Judge bans family, friends from wearing T-shirts for accident victim Alyssa Davis
Family and friends wearing yellow T-shirts with picture of victim
Some family and friends of a girl killed in an alleged street racing accident were forced to leave a St. John's courtroom Tuesday.
They were wearing T-shirts in the memory of Alyssa Davis, 17, who was killed on the Conception Bay South bypass on Dec. 23, 2015.
The shirts have a picture of Davis on the front along with the phrase 'Sprinkling Sunshine Everywhere.' On the back, the shirts say 'Sunshine Squad,' a group started by Davis's mother, Sherree Davis, that does good deeds in Davis' memory.
But when Judge David Orr entered the courtroom and saw the shirts, he instructed a sheriff's officer to do something about them.
A mother's concerns
Some members of the group tried turning the shirts inside out, but that didn't satisfy Orr. He either wanted them covered up or removed, meaning that some of group had to leave the courtroom.
The ruling upset Sherree Davis.
"I don't think there was anything inappropriate about the T-shirts that these people have worn. It's about a support group," said Davis.
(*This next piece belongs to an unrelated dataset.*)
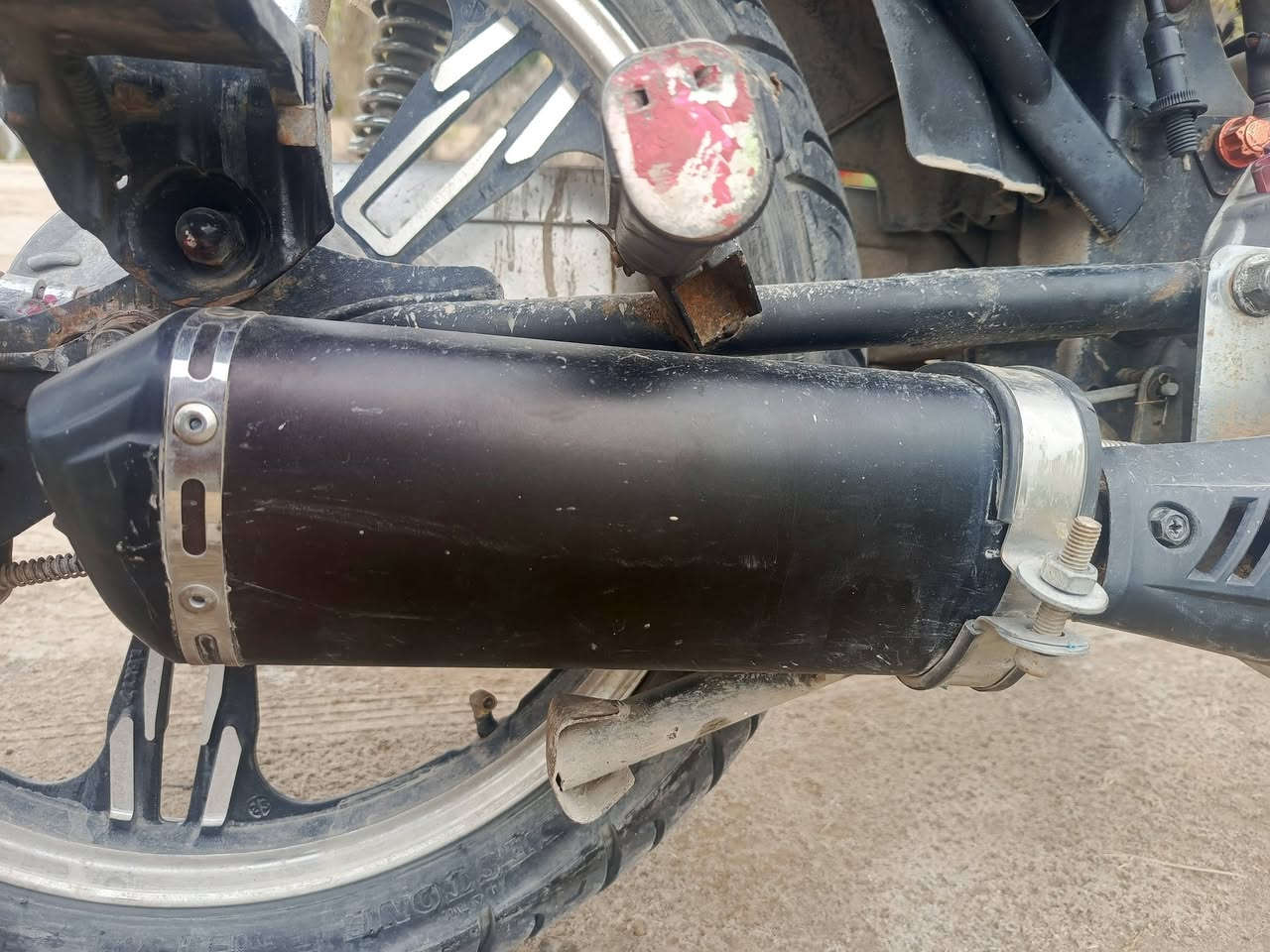 صالنصه جعره صوتها فول مراوس ب صالنصه كاتم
"We've worn them ever since we've come here. We are here to represent Alyssa. [This is] discriminatory, I think."
Davis also felt a sense of injustice about how the system is working. She believed the accused should have to be in court for all proceedings.
The girl, 17, accused of killing Alyssa Davis by street racing, has been absent for most of the court appearances.
"They should have to be here. The accused should be here, face their peers, face the criminal system. People aren't going to take this seriously if they don't have to be here. We're here and we are going to be here until the end," said Davis.
In law, a lawyer can get what's know as "designation" which allows the lawyer to appear on the client's behalf.
Similar case, same week
Monday in Harbour Grace, the family and friends of Hannah Thorne, 18, also brought pictures of her to court and prominently displayed them outside.
Brian King, 30, and Steven Mercer, 29 are charged with street racing causing Thorne's death during an accident on the New Harbour Barrens on July 7.
The two men were in court on Monday, and a bail hearing was set for Tuesday.
Thorne's family and friends were told they couldn't bring the pictures into the courtroom. Even so, Thorne's mother, Gail Thorne, held up a smaller picture of her daughter inside the courtroom for King and Mercer to see.
CBC has been told that King was driving the truck that slammed into the car carrying Thorne.
The Davis case is due back in court Sept. 13.